Fotoğraf: Evrim Kepenek/bianet
Haberin İngilizcesi için tıklayın
“Ben Siverekli Abdul Aziz Işık, fakirdik okuyamadık. Ailelerimize, kardeşlerimize baktık. Küçük yaştan beri bu işi yapıyorum. Sonra İstanbul’a geldik.
“Haftada iki gün Üsküdar’da sonra Ümraniye’de çöpleri ayrıştırıyorum. Artık yapamıyorum. Zabıtalar bizimle geziyor artık ve arabalarımızı aldılar. Zabıtalar bizim topladığımız malları aldı, çekçekleri gasp etti. Bizden alıp zengine veriyorlar.

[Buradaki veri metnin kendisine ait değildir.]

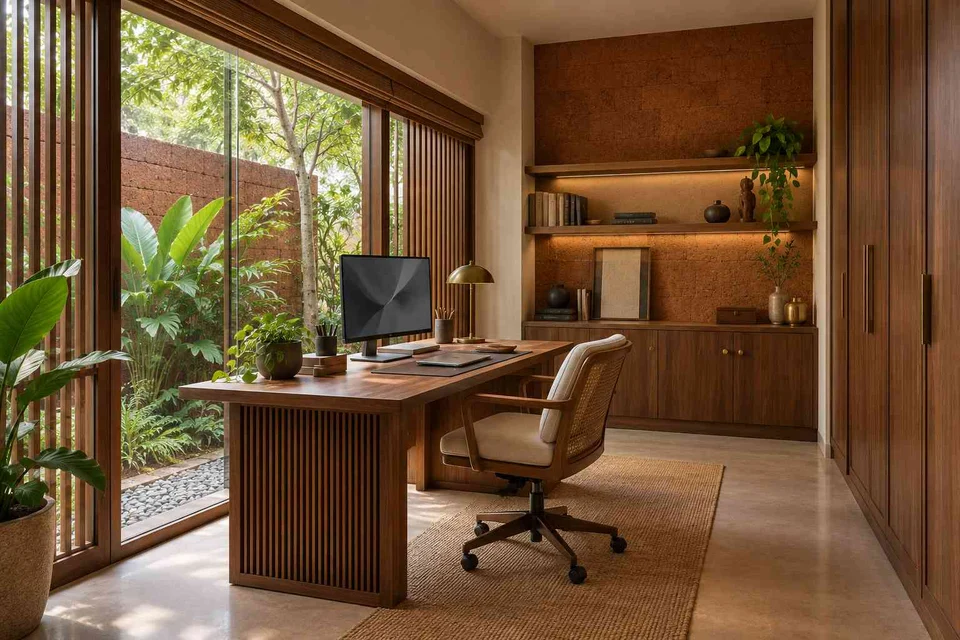 AI-generated home office concept: courtyard home office, malabar timber direction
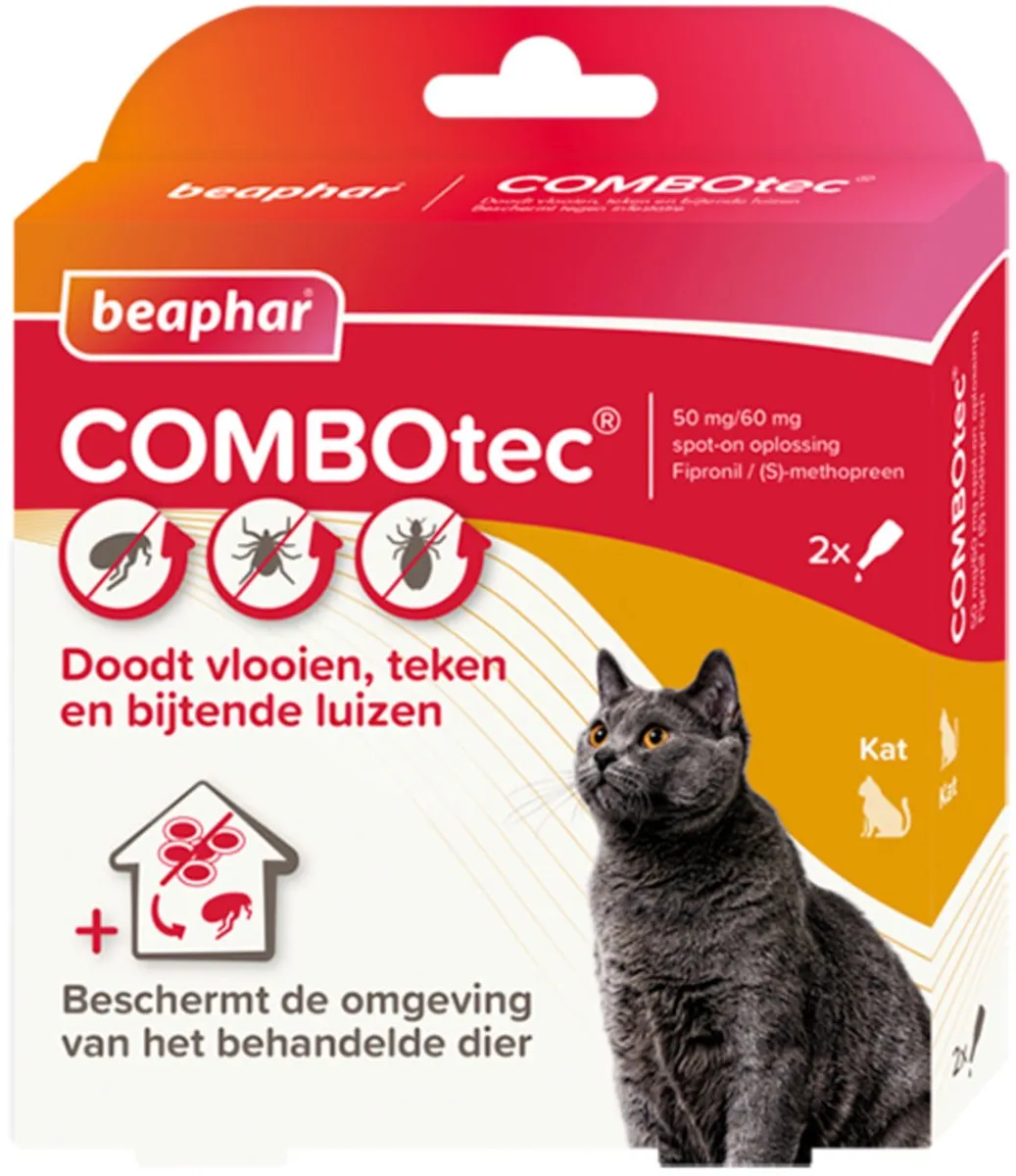 Beaphar Combotec Anti Vlooien Teken Druppels Kat/Fret - 2 Pipetten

“Şimdi Üsküdar ve Ümraniye’de de bu işi yapmamız yasaklandı. Bizim peşimizi bıraksınlar, garibanın peşini bıraksınlar…”
İstanbul Ümraniye’deki atık işçilerinin depolarının bulunduğu alandayız.
İşçiler, İstanbul’un birçok noktasından topladıkları çöpleri buradaki depolara getiriyorlar ve buradan satışları gerçekleşiyor.
Bugünlerde bu alan sık sık polislerin baskın yaptığı alanlardan. Öyle ki son baskında bir işçinin anlatımına göre “milyarlık çöplerine” el konuldu.
Polislerin baskın yapma "nedenleri" ise özetle şöyle: “İstanbul Valiliği atık işçilerinin çöpleri toplamasına istemiyor, çöplerin şirketler aracılığı ile toplanıp ayrıştırma alanlarına göndereceğini belirtiyor. Planlıyor. Bu nedenle de atık işçilerinin çöplerden çöp toplamasına engel olunuyor.”
Atık işçileri İstanbul Valiliği’nin kararıyla polislerin kendilerine engel olmasına tepkiliyken konunun diğer tarafı olarak tanımladıkları “belediyelerin” de bu konuda sessiz kalmasına öfkeli.
“Eylemlerimiz yaşam alanlarımızda olacak”
Dün ( 5 Ekim 2021, Salı) işçiler eylemdeydi ve Atık İşçileri Derneği adına konuşan Ali Mendillioğlu derneğin yeni kurulduğunu ve “şimdilik” işçilerin kendisine “başkanlık” görevini verdiğini söyleyerek eylemin neden burada yapıldığı sorusunu şöyle yanıtlıyor:
“Çünkü buradaki depolarımız yakıldı. Burası bizim yaşam alanımız bundan sonraki eylemlerimiz de yaşam alanlarımızda olacak.”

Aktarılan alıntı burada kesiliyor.